> Task directions: Up to and including the line containing "Поддержание комфортной температуры", set down each line of the entries below exactly, starting from the first, and leave out the rest.

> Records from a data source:
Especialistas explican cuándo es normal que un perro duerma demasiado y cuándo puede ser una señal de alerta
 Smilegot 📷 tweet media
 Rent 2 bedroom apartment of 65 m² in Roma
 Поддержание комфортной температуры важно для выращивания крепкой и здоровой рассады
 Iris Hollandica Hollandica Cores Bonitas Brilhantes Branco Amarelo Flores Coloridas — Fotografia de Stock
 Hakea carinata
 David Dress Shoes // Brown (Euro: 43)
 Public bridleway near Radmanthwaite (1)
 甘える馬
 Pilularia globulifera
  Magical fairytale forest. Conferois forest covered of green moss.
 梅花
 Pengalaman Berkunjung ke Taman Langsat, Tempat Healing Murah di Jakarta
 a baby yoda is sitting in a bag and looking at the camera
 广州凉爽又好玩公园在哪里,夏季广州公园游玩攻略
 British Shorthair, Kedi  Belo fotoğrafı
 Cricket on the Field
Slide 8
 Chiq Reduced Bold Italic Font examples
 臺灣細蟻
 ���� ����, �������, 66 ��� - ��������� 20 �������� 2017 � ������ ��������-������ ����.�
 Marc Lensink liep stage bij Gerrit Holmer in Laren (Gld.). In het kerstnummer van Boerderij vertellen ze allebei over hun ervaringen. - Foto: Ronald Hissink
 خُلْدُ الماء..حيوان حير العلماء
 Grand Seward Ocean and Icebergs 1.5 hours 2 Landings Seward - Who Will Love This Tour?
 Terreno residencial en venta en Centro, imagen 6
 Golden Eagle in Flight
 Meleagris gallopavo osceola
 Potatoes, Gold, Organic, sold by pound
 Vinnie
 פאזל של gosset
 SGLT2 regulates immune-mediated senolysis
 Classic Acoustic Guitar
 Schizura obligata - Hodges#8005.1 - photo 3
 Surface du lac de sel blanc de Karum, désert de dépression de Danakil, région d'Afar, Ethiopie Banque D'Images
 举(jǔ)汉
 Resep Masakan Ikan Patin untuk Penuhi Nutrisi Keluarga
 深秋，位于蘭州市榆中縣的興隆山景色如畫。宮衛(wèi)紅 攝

> Response:
Especialistas explican cuándo es normal que un perro duerma demasiado y cuándo puede ser una señal de alerta
 Smilegot 📷 tweet media
 Rent 2 bedroom apartment of 65 m² in Roma
 Поддержание комфортной температуры важно для выращивания крепкой и здоровой рассады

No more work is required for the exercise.